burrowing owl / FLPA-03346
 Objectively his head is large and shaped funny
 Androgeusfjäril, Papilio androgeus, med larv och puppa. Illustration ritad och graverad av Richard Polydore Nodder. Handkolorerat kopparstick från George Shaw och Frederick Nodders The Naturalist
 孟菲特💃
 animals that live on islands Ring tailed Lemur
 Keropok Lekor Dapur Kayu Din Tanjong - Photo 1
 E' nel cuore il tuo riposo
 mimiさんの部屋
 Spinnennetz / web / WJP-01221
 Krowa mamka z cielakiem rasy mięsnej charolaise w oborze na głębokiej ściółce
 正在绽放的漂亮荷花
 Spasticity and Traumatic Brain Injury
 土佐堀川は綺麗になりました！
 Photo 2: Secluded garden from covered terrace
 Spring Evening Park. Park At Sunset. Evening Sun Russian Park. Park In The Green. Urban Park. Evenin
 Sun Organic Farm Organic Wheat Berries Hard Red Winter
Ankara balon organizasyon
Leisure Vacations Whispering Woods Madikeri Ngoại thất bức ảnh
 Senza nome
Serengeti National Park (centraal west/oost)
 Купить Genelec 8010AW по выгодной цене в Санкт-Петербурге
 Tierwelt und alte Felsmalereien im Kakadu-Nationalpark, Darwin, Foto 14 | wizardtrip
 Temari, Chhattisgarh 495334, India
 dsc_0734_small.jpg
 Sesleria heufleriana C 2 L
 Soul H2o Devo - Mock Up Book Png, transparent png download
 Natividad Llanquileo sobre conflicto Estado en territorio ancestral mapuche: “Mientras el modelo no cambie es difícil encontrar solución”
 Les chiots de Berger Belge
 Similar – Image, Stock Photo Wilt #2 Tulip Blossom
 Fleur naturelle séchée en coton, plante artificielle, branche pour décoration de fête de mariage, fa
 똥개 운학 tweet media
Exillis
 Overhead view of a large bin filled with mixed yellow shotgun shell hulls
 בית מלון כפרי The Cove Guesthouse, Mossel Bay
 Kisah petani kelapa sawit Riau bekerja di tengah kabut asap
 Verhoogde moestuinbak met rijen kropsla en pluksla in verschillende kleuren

☆ ☆ ☆

HOW TO COMPLETE THIS TASK
Nothing should be altered. Set down all the data again.

EXERCISE RESPONSE
burrowing owl / FLPA-03346
 Objectively his head is large and shaped funny
 Androgeusfjäril, Papilio androgeus, med larv och puppa. Illustration ritad och graverad av Richard Polydore Nodder. Handkolorerat kopparstick från George Shaw och Frederick Nodders The Naturalist
 孟菲特💃
 animals that live on islands Ring tailed Lemur
 Keropok Lekor Dapur Kayu Din Tanjong - Photo 1
 E' nel cuore il tuo riposo
 mimiさんの部屋
 Spinnennetz / web / WJP-01221
 Krowa mamka z cielakiem rasy mięsnej charolaise w oborze na głębokiej ściółce
 正在绽放的漂亮荷花
 Spasticity and Traumatic Brain Injury
 土佐堀川は綺麗になりました！
 Photo 2: Secluded garden from covered terrace
 Spring Evening Park. Park At Sunset. Evening Sun Russian Park. Park In The Green. Urban Park. Evenin
 Sun Organic Farm Organic Wheat Berries Hard Red Winter
Ankara balon organizasyon
Leisure Vacations Whispering Woods Madikeri Ngoại thất bức ảnh
 Senza nome
Serengeti National Park (centraal west/oost)
 Купить Genelec 8010AW по выгодной цене в Санкт-Петербурге
 Tierwelt und alte Felsmalereien im Kakadu-Nationalpark, Darwin, Foto 14 | wizardtrip
 Temari, Chhattisgarh 495334, India
 dsc_0734_small.jpg
 Sesleria heufleriana C 2 L
 Soul H2o Devo - Mock Up Book Png, transparent png download
 Natividad Llanquileo sobre conflicto Estado en territorio ancestral mapuche: “Mientras el modelo no cambie es difícil encontrar solución”
 Les chiots de Berger Belge
 Similar – Image, Stock Photo Wilt #2 Tulip Blossom
 Fleur naturelle séchée en coton, plante artificielle, branche pour décoration de fête de mariage, fa
 똥개 운학 tweet media
Exillis
 Overhead view of a large bin filled with mixed yellow shotgun shell hulls
 בית מלון כפרי The Cove Guesthouse, Mossel Bay
 Kisah petani kelapa sawit Riau bekerja di tengah kabut asap
 Verhoogde moestuinbak met rijen kropsla en pluksla in verschillende kleuren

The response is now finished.